Lee:
It's more of the unclear wording in the rules.
The end effect of the crit is to reduce your starting shield score.
Its best described by example.
Lets take a Fed Heavy Cruiser with undamaged shields - 24 shield boxes.
during the turn, you take 4 shield hits... dropping you to 20 boxes and one crit that reduces your shields by 5.
This value comes off of the top of the line score of 24, reducing you to 19 shields; wiht a new maximum of 19 boxes.
Then - Let's say you'd taken 7 points prior to this critical, reducing you to 17 shield boxes.
After the critical is applied, you still have 17 shield boxes remaining, but a new maximum of 19.
Meaning that a boost energy roll of 2 will restore you to 19, but anything beyond 2 will count as
boosted shields and go away atthe end of the turn... assuming that you receive no further damage.

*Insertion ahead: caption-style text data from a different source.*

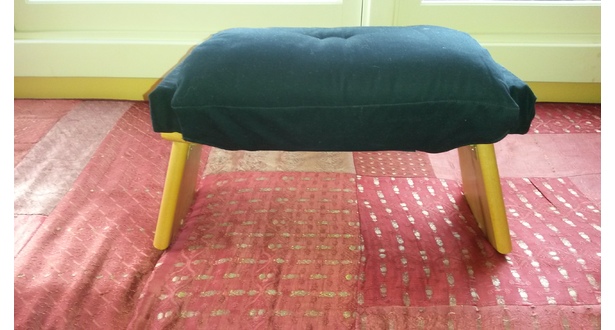 Big image 20150925 101458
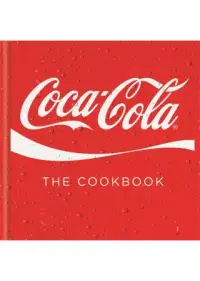 在飛比找博客來優惠-Coca-Cola The Cookbook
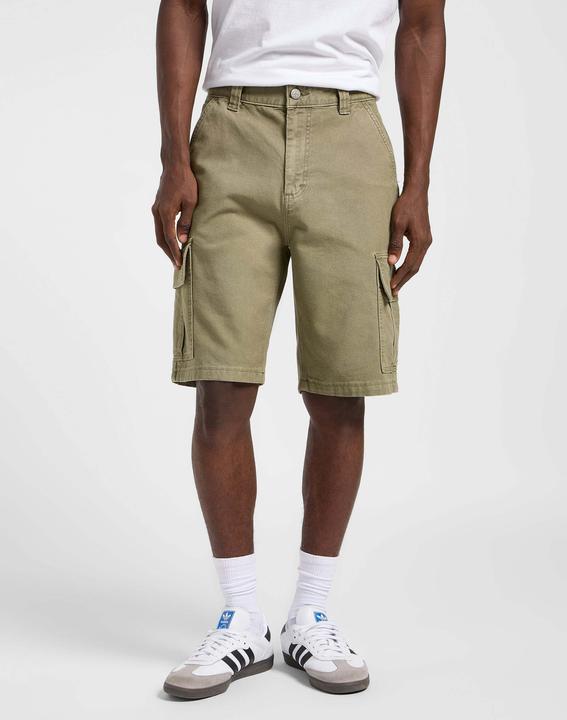 Lee Cargoshorts Cargo Short (31)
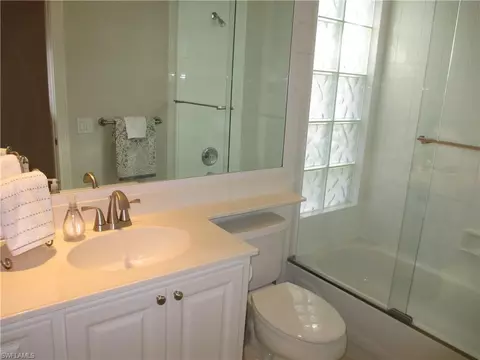 4652 Rio Poco Ct, Naples, FL 34109 photo 17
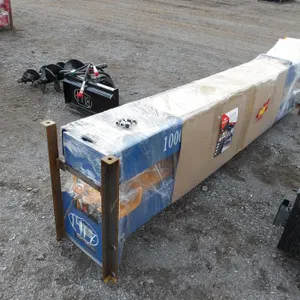10,000lbs Two Post Lift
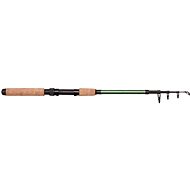 Kinetic Gypsy CC Tele - Fishing Rod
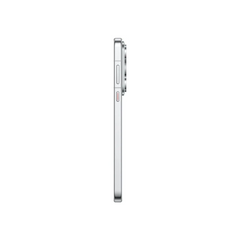 Huawei Pura 70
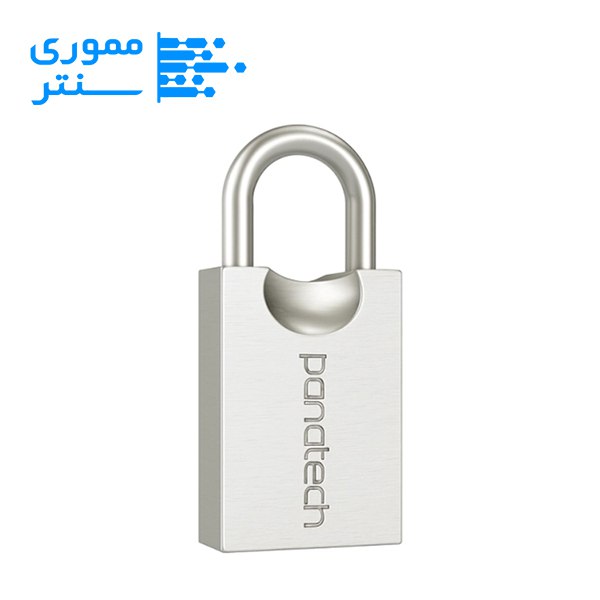 فلش مموری پاناتک مدل P403 USB 2.0 ظرفیت 32 گیگابایت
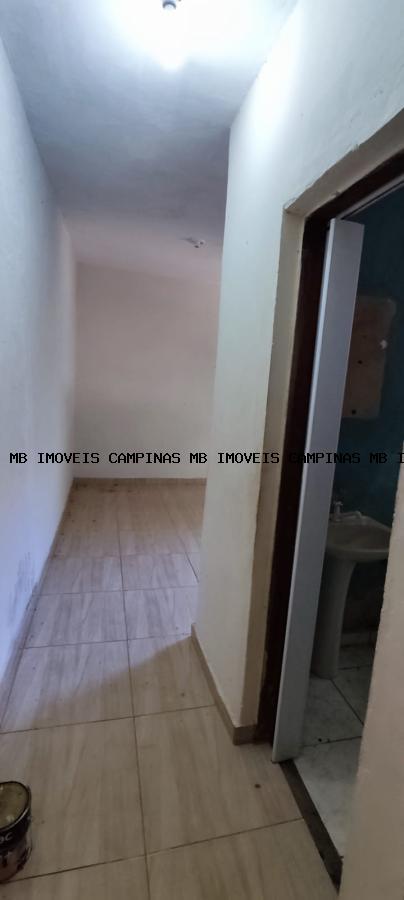 Terreno, 300 m² - Foto 8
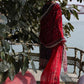 NIHDI Hussain Rehar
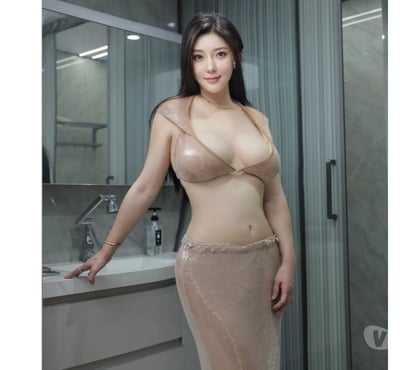 Escort White City West London - Photos for 💯 Asian Girl PERFECT ESCORT best massage escort W12 DUO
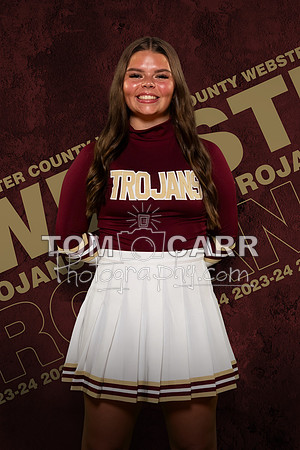 WCHSFC_072523-101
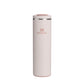 STANLEY TRANSIT FLIP TOP 2.0 BOTELLA 16 OZ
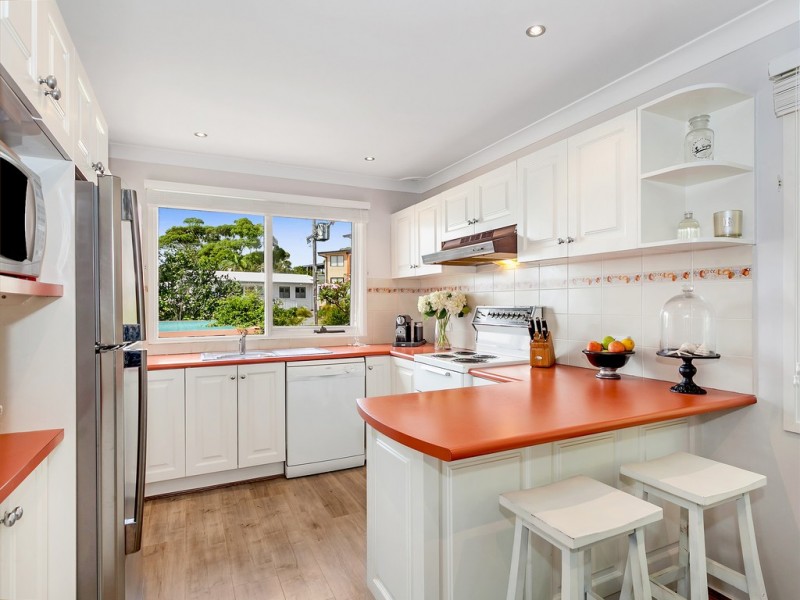 18 Park Street, Coledale NSW 2515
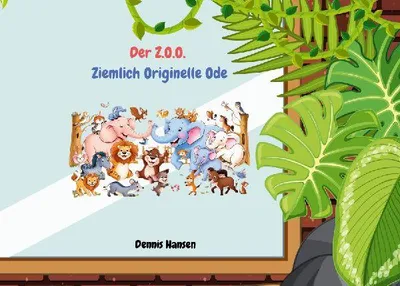 Produktbild von Z.o.o.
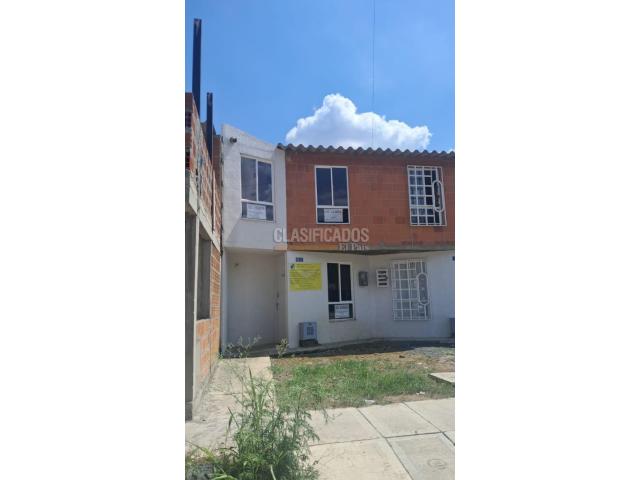 Casas, Venta en Candelaria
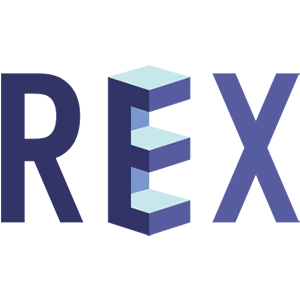 REX (REX/USD)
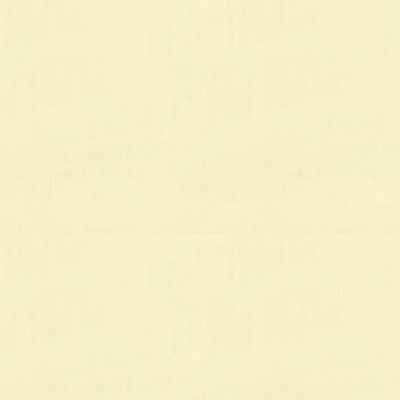 Kravet Fabrics, a selection of fabrics such as velvet, damask, cotton, silk, linen and sheers.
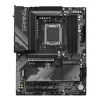 GIGABYTE B650 GAMING X AX V2 Mainboard - AMD Ryzen 9000 Series CPUs, 8+2+2 Phasen VRM, bis zu 8000MHz DDR5 (OC), 1xPCIe 5.0 + 2xPCIe 4.0 M.2, 2.5GbE LAN, WIFI 6E, USB 3.2 Gen 2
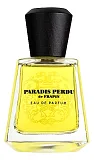 P.Frapin & Cie Paradis Perdu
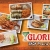 10% OFF Dine-In Bill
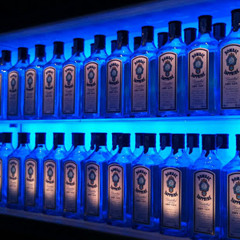 Defem-Sippin on That ft.Boo Cannon & Sibrie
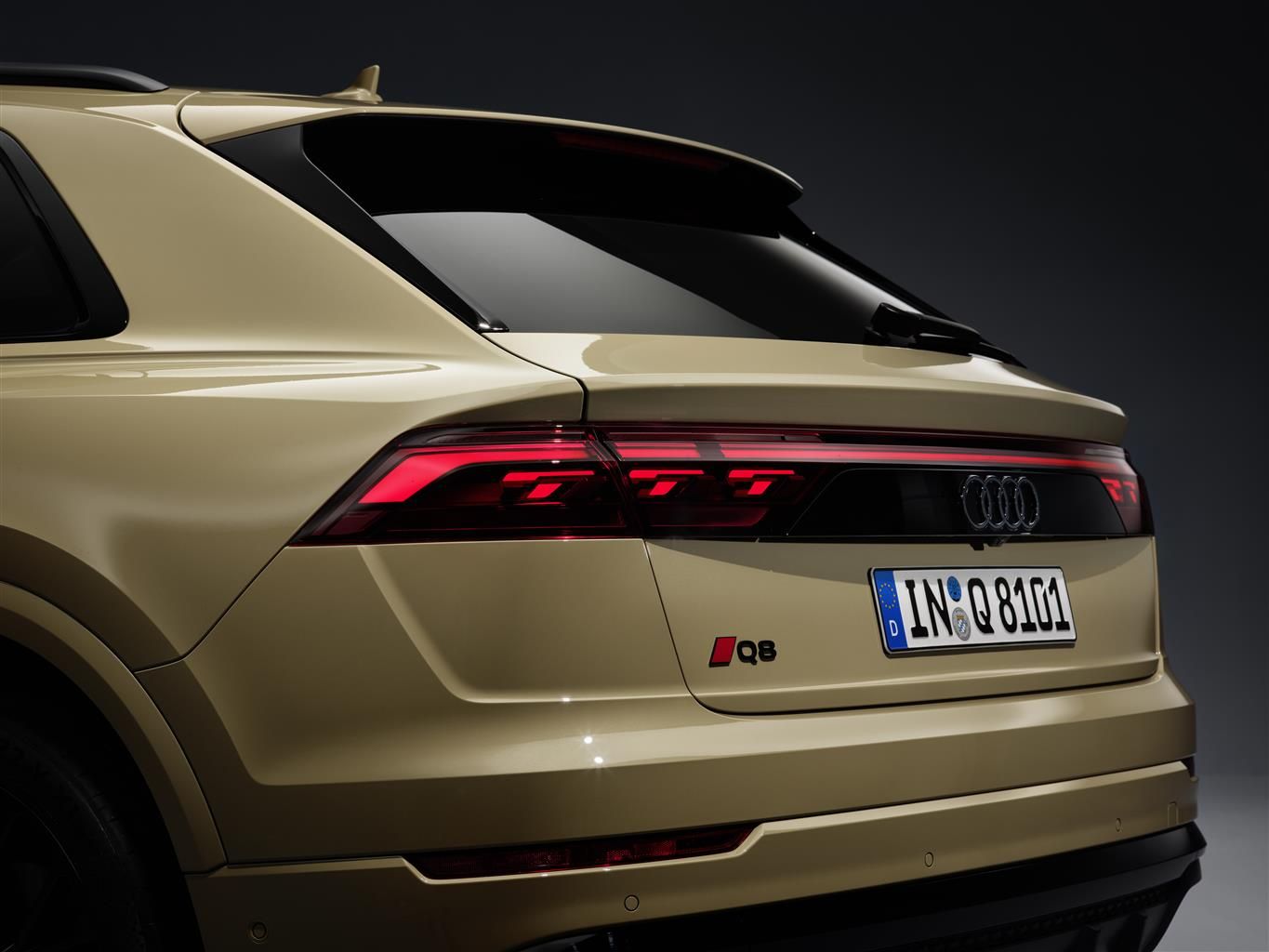 audi_q8_2024 (3).jpg
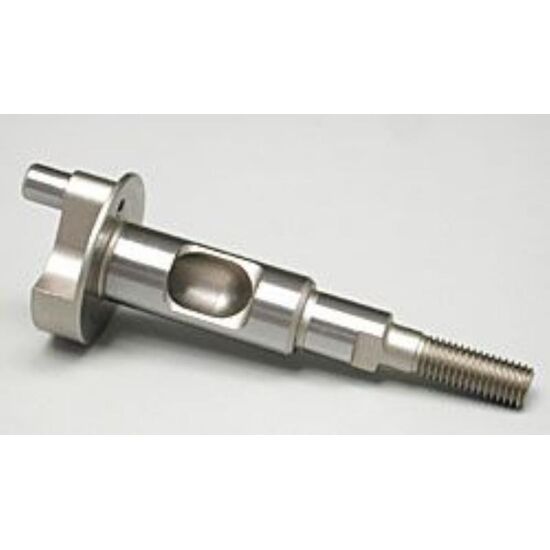 VILEBREQUIN 32SX-H - 23402000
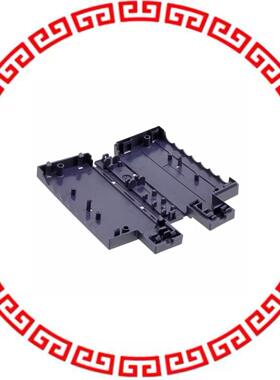 1740315-2 CONN COVER FOR DISTRIBUTOR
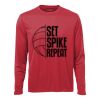 ATC™ PRO TEAM LONG SLEEVE TEE Vignette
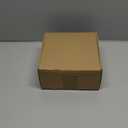 30 Pack Pull Back Cars for Kids,Mini Vehicles Toy Bulk Party Favor Cars Toys,Classroom Treasure Box, Goodie Bag Stuffers, Pinata Fillers for Boys Girls Toddlers Birthday Party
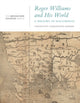 Book cover of: Roger Williams and His World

Now, lets go back to the beginning. 24 shields and you boost energy to shields and get an average roll of 7 (2D6 at 3.5 each)
This gives you a temporary score of 31.
Take 4 shield hits reducing you to 27 (24 and 3 temporary points) then apply the critical (-5 points).
It's our understanding that you still reduce the starting score, so the new starting score is 19...
This is where it gets "wonky"
the FAQ reads: "if this reduces the starting score below your current score (and you haven’t boosted your shields this turn), then reduce your current Shields to the new maximum."
Our "take" on this is thus:
Reduce your maximum score to 19 (24 starting minus 5 for the critical) and then add back in the 3 temporary points remaining; giving you a score of 22 shield boxes with 19 maximum and three temporary.
Any additional damage will come off of hte 3 temporary first and if no further damage is taken, then you revert to the new maximum of 19 damage at the end of the turn.
We could be wrong, but that's the way we play it.